Plauto, Leopardi e il ribaltamento ironico

I “tipi umani” della commedia invitano a prenderci meno sul serio

plautoDopo aver evitato con qualche riserva la commedia anche nei periodici ritorni ai classici, di recente mi sono ritrovato Plauto di fronte, e con un malcelato senso di colpa ho dovuto cedere alla lettura.* Gli anni passavano e la ripromessa di leggere qualcosa in proposito continuava ad essere disattesa. Ma facciamo un passo indietro. Chi è Plauto? Col nome incerto di Tito Maccio Plauto vengono tramandate un gruppo di commedie di un autore nato tra il 255-251 a.C a Sarsina e morto intorno al 184 a.C. I particolari della biografia interessano poco in questa sede e anche le complesse vicende filologiche dei suoi scritti giunti fino a noi. Come era consuetudine allora, gli autori latini prendevano in blocco trame e intrecci della commedia greca e apportavano adattamenti e contributi personali, senza che questo procedimento fosse inteso come segno di poca originalità. E così fece Plauto, anche se è ormai opinione comune che l’apporto di originalità romana, infuso dall’autore latino alle trame greche, abbia costituito la base di veri e propri clichè passati poi in tutto il teatro moderno e contemporaneo occidentale.

Cosa succede nelle commedie di Plauto e cosa abbiamo imparato ad aspettarci in generale dalla commedia? Innanzi tutto, il ribaltamento di un ordine precedente, uno stato di cose sconvolto da eventi inglobati in una trama del tutto e volutamente prevedibile (tale prevedibilità rientrava nella convenzione autore-pubblico e agevolava la comprensione). A Plauto non interessa penetrare nell’interiorità degli individui che compaiono in scena: i suoi personaggi sono tipi ben riconoscibili, maschere libere da problematicità introspettive.
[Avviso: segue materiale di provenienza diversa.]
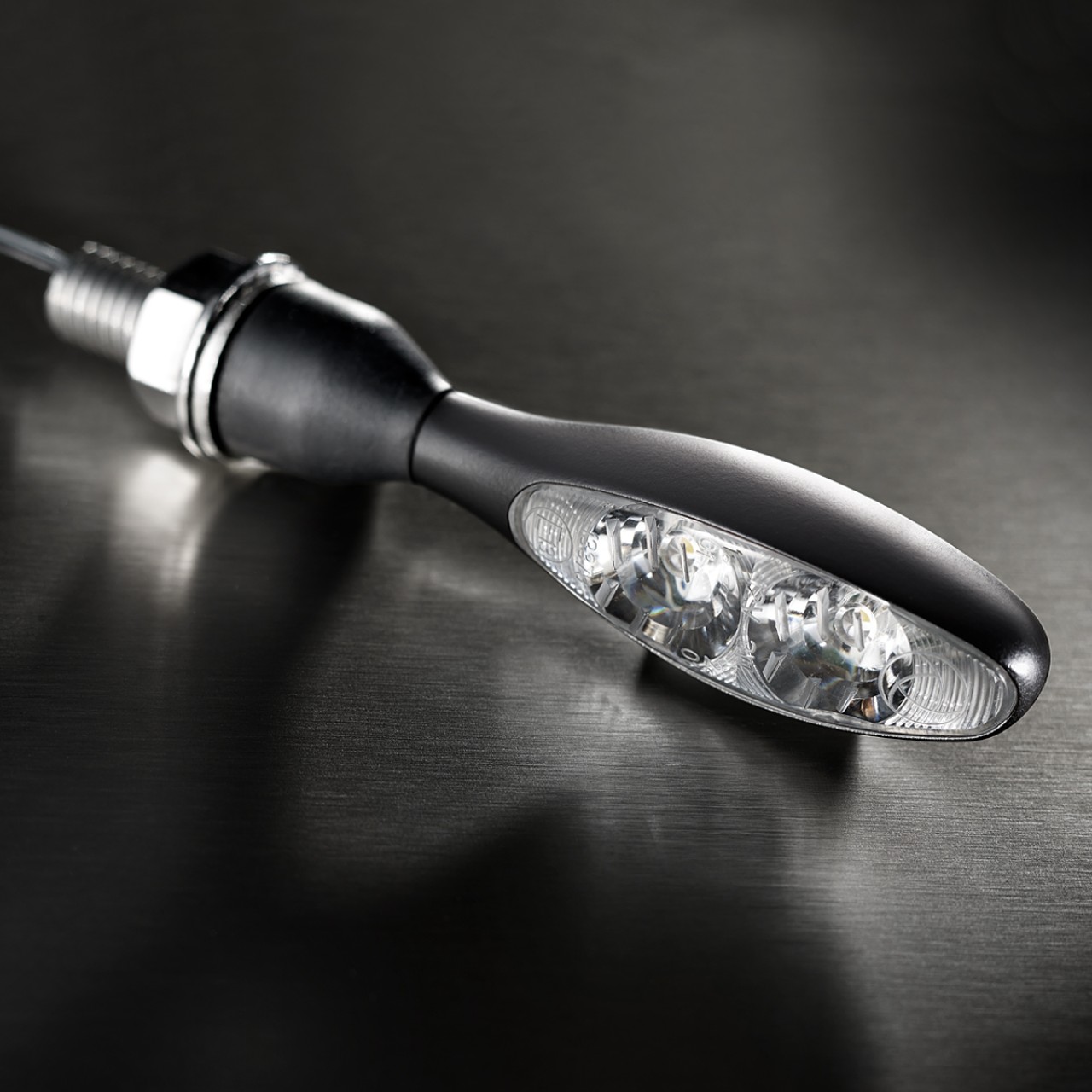 Kellermann Blinker, Micro 1000 Extreme, Stahl, LED, V/H,  L/R, 12 V, schwarz seidenmatt, M8x20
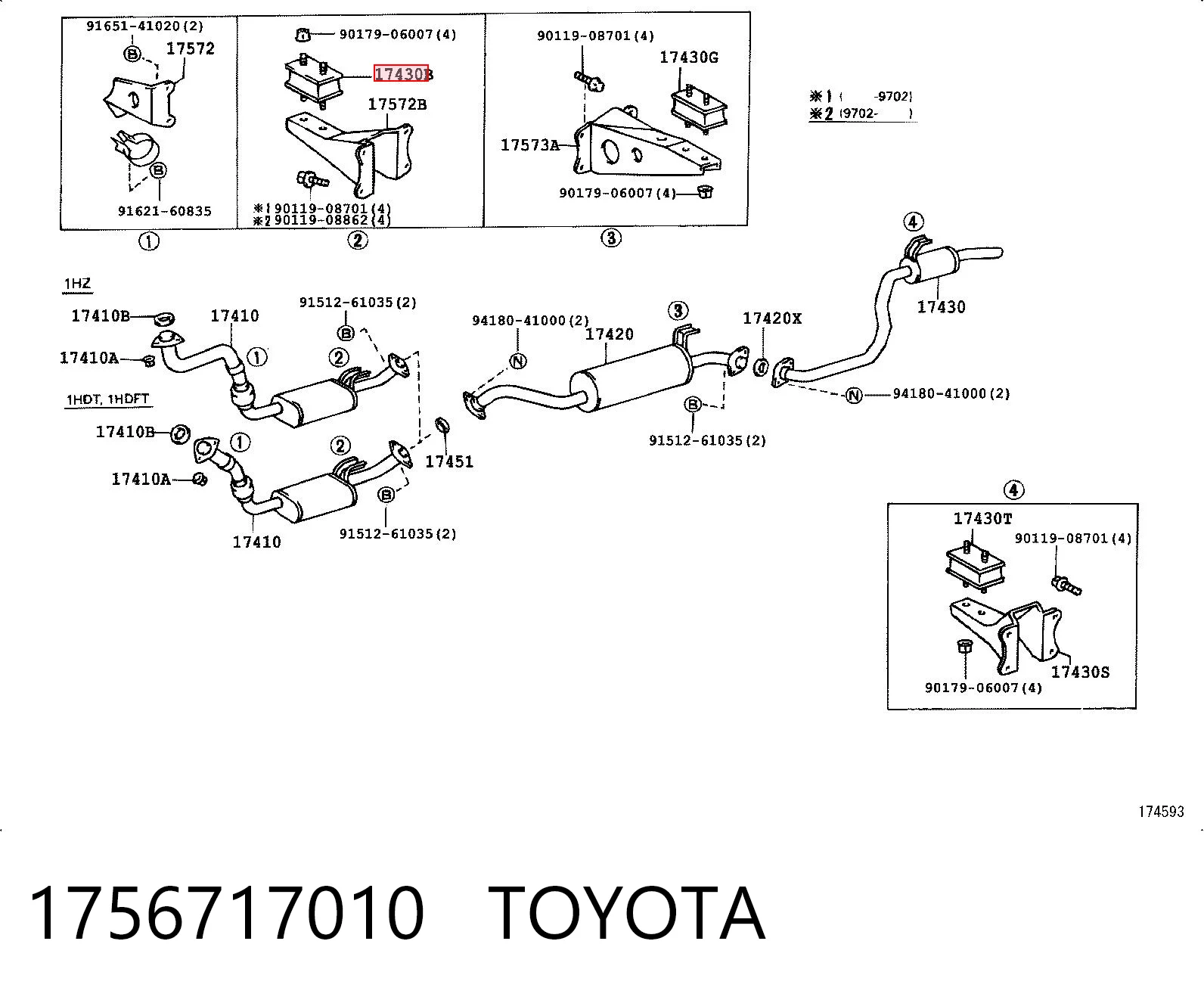 1756717010 Toyota Coxim de fixação do silenciador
Nelle commedie plautine, dicevamo, si ritrova questa prevedibilità d’intreccio dove una situazione di base entra in fase critica (il bravo figlio diventa uno sperperatore delle sostanze paterne mentre il padre è lontano) e si ribaltano i valori (in luogo della parsimonia e della laboriosità, la spensieratezza, il festeggiamento continuo e irresponsabile). Il pubblico, nonostante gli espedienti comici e il divertimento da essi derivato, non poteva non provare disagio per la violazione di quei valori e certamente si aspettava un lieto fine.

E Plauto non è certo un rivoluzionario in questo senso: in un modo o nell’altro, il proseguire delle scene riporta ad un ordine di valori appropriato, seppure con una certa indulgenza per chi aveva commesso sbagli. Attraverso Plauto, e con lui da tutta la commedia occidentale, possiamo però trarre utili suggerimenti. È l’ironia il più efficace strumento di ribaltamento dei valori. Ed è l’ironia che è mancata forse nella difficile accettazione della “nuova” (ormai, in verità, secolare) visione dell’uomo dopo il suo reinserimento nel mondo della natura.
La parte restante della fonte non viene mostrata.